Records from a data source
○ ○ ○ ○ ○

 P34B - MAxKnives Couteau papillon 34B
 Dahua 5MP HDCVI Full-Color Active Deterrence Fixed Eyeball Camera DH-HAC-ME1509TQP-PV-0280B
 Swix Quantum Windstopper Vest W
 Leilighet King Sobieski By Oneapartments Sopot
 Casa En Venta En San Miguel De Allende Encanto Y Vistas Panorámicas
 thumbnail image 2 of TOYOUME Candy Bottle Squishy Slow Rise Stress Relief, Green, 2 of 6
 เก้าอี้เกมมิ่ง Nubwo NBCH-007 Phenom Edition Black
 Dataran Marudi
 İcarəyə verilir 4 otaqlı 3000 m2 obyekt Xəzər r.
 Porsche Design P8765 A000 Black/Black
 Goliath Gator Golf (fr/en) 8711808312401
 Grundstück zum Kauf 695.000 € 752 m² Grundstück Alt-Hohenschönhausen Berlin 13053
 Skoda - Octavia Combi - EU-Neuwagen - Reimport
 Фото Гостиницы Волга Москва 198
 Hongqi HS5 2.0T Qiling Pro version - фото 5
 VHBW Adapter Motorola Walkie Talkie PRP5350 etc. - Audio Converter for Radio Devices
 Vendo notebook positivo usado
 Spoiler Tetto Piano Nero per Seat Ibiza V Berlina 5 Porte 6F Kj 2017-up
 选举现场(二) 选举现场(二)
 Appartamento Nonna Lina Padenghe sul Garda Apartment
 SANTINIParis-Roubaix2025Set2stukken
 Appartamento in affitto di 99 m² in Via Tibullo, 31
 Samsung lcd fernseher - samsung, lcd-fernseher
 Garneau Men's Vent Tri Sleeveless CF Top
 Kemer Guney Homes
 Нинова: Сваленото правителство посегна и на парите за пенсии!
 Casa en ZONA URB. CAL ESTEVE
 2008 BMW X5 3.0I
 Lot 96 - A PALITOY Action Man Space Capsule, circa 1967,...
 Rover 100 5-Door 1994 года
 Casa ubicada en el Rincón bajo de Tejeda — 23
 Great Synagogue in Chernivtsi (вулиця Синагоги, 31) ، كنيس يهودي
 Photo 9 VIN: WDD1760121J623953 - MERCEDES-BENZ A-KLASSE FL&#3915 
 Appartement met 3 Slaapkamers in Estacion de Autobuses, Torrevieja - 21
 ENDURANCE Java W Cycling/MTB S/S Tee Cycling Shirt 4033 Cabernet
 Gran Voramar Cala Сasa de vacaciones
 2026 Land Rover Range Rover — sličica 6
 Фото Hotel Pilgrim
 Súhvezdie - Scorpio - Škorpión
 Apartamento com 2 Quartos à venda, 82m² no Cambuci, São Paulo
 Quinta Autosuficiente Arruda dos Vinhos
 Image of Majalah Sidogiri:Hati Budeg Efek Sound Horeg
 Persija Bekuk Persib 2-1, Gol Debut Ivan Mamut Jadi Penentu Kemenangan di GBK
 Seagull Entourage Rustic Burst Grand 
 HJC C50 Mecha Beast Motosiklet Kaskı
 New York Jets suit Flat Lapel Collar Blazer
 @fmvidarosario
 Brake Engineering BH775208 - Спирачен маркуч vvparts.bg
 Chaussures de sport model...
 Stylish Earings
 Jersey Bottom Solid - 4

○ ○ ○ ○ ○

* [Work instructions]
Only the lines above starting at the one containing "Lot 96 - A PALITOY" and ending at the one containing "Great Synagogue in", both included, are to be returned, exactly as they read.

* [Response for this exercise]
 Lot 96 - A PALITOY Action Man Space Capsule, circa 1967,...
 Rover 100 5-Door 1994 года
 Casa ubicada en el Rincón bajo de Tejeda — 23
 Great Synagogue in Chernivtsi (вулиця Синагоги, 31) ، كنيس يهودي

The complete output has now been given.